Operator: Thank you. And your next question comes from the line of Jeff Robertson from Water Tower Research. Please go ahead.
Jeff Robertson: Thank you. Good morning. Tim, to follow up on your comments around, Katmai West. Am I right in thinking that the combination of the pressure data and the minimal drawdown that you’ve seen over eight months of production, plus reprocessed seismic? Makes you think that the container is bigger, which justifies drilling the number two well to try to test that theory and maybe add reserves and accelerate production.
Tim Duncan: Yes. Look, I don’t know if it’s — the answer to that is yes, Jeff. But I would say, we’ve always been optimistic about this asset. It’s one of the reasons we went and bought — executed on the transaction in the first place. I mean, when we — we’ve been — we’ve had our eye on this asset since it was discovered. You know, we had a chance to potentially buy a working interest in it in a transaction in ’19, and we waited and got better data and feel good about adding it to the portfolio when we did the transaction in 2023. So we’ve been bullish about the area. But when you get down to the very details of what you’re allowed to book, improved reserves, you and the auditor you’re working with need to see something more than just your intuition, right?
And so at some point, you’ve got to expand, physically expand that geological column into reasonable certainty, either through that information or ultimately getting physical data, like drilling a well and getting the data yourself. And so, for us to accelerate that value in the proved, it’s going to require a well. And so then you have to decide, where are you. You know, how do you feel about the risk of drilling that well? Which is a question I think Leo asks, and we feel good about it. So we’ve always been bullish in the area. It’s time to go put some capital to it so we can go back to the auditors and show why we think this feature is as big as we hope it is. And you’re right, look, there is going to be some pressure declines. You want that.
It’s the pace of those declines relative to the volume it might be seeing that gives you the confidence as you go design a well.
Jeff Robertson: Tim, do you think it has the potential to add value that might not have been fully quantified when you purchased QuarterNorth?
Tim Duncan: It certainly wasn’t into underwritten purchase price. I mean, look, we were buying this asset, it almost proved developed. And so I can tell you right now that just the minimum volumes coming through the current production is what we’re able to get into approved, it is still a young discovery in that regard. So there is no doubt that what we’re trying to go execute here is outside the underwritten economics, is tarnished, or not reflected in the stock price. As Sergio talked about, we obviously, we think we have a totally underappreciated valuation on the stock price. So all of this is upside to either how we financed and fundamentally put together the transaction, and certainly all of this is a catalyst for the stock.

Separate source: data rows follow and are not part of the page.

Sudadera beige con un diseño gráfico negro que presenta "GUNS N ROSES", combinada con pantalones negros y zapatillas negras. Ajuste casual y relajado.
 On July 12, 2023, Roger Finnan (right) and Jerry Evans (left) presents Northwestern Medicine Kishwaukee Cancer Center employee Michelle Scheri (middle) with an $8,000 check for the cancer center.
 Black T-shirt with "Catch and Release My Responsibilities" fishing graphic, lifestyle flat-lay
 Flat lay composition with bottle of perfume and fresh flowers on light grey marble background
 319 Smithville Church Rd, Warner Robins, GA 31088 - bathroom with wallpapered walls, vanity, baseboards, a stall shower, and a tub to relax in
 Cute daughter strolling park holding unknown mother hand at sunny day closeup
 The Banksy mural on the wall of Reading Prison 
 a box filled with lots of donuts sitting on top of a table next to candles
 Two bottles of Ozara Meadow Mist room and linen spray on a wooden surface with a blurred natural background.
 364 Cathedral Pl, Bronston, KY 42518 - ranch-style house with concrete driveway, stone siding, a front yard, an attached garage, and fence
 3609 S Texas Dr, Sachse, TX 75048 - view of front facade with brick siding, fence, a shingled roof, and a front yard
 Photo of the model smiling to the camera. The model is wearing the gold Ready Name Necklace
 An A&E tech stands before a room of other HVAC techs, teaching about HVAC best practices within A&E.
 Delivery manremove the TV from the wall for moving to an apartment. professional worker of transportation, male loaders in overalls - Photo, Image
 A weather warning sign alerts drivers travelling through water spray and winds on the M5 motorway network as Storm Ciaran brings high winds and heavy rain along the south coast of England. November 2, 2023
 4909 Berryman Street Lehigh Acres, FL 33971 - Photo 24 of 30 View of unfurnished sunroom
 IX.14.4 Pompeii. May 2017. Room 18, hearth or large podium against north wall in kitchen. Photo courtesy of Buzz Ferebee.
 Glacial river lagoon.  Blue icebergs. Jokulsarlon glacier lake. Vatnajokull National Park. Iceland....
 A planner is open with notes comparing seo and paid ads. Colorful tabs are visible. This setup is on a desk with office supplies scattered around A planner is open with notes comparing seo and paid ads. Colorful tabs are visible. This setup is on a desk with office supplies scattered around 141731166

Jeff Robertson: And then just to follow, you talked about infrastructure and the importance of owning infrastructure, and you’ve seen that at ramp out. So with Tarantula, I think you all own or Talos owns a 50% interest in it and hasn’t override. Can you talk about the margin impact of adding barrels through owned facilities and the kind of fees you collect and how that enhances Talos’ owned margins?
Tim Duncan: Yes, well, it’s interesting. And that’s another one we’re following on maybe where Leo’s question is, as you think about these volumes. So we own that Tarantula facility at 100%. So you referenced Ram Powell, we own that facility at 100%. We drilled Lime Rock and Venice at 60%. So that other 40% was with a private partner, a private company, a great partner of ours, and they’re going to pay us a handling fee to manage their production, and that ultimately that offsets our operating costs. So we get the benefit of the economics of drilling the well. We get a secondary benefit when we own a facility at a greater working interest than the wells coming to that facility. That means some other party is paying us production handling.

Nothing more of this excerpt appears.